TASK ::
Write out an exact copy of the line containing "芬腾睡衣女童纯棉短袖夏季薄款母女套装女孩中大童宝宝亲子家居服 商品图2" and all lines that follow it in the data below, leaving out pictures.

[Opening SUPPLIED MATERIAL section]

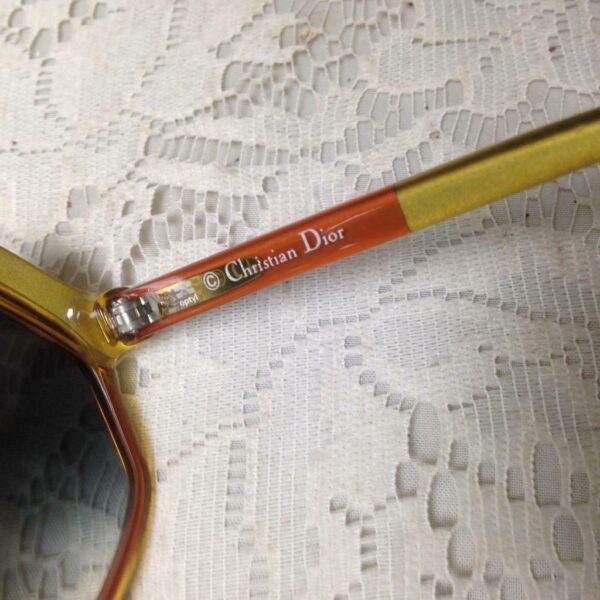 Christian DIor, Germany, Sunglasses with Gold and White Jacquard Case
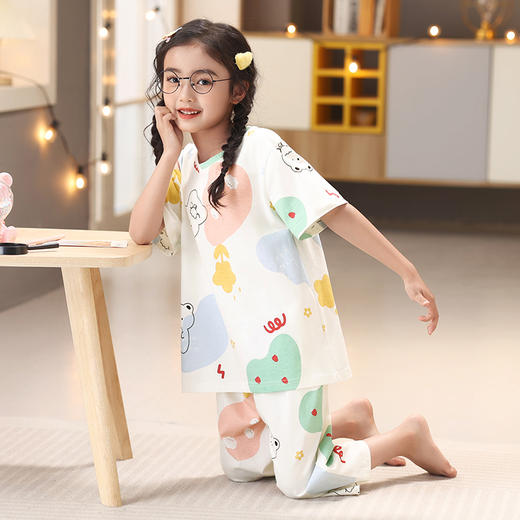 芬腾睡衣女童纯棉短袖夏季薄款母女套装女孩中大童宝宝亲子家居服 商品图2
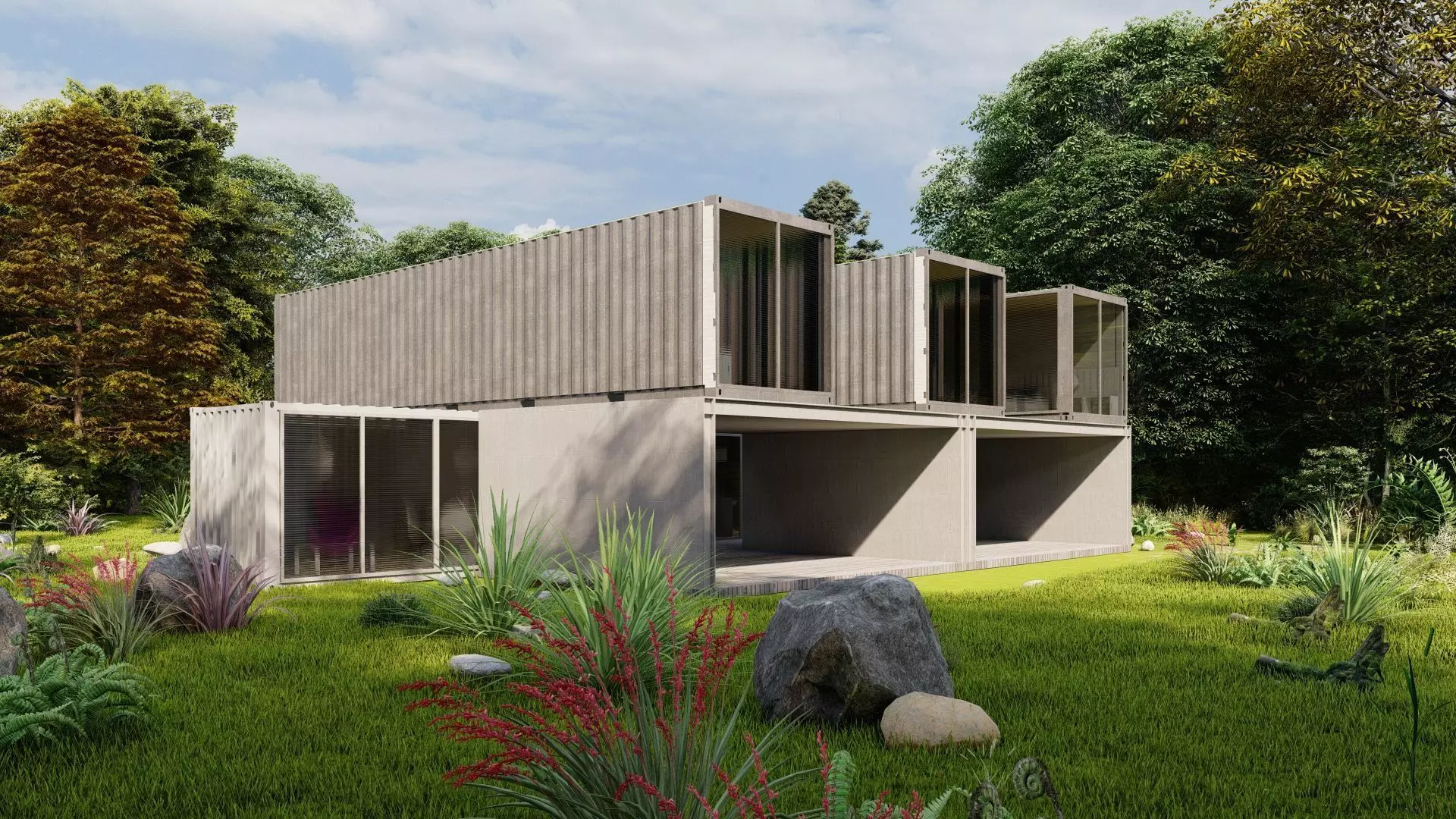 Temporary villa - villa condo - container building 3D model_0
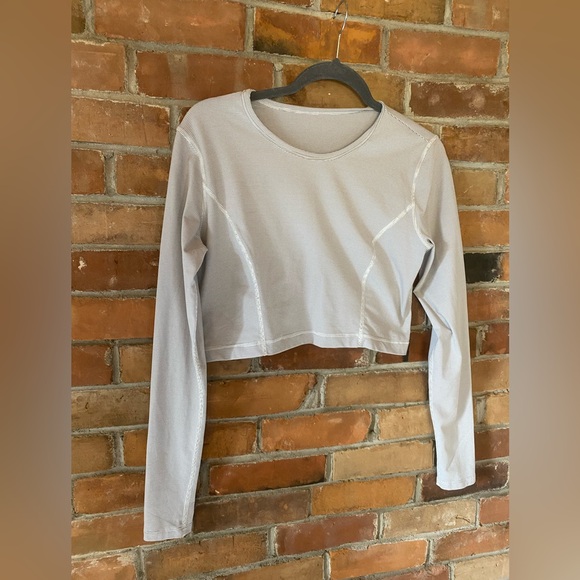 LULULEMON cozy crop top Wee Stripe White Ambient Grey / White long sleeve - Picture 5 of 9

[Closing SUPPLIED MATERIAL section]

TASK SOLUTION ::
 芬腾睡衣女童纯棉短袖夏季薄款母女套装女孩中大童宝宝亲子家居服 商品图2
 Temporary villa - villa condo - container building 3D model_0
 LULULEMON cozy crop top Wee Stripe White Ambient Grey / White long sleeve - Picture 5 of 9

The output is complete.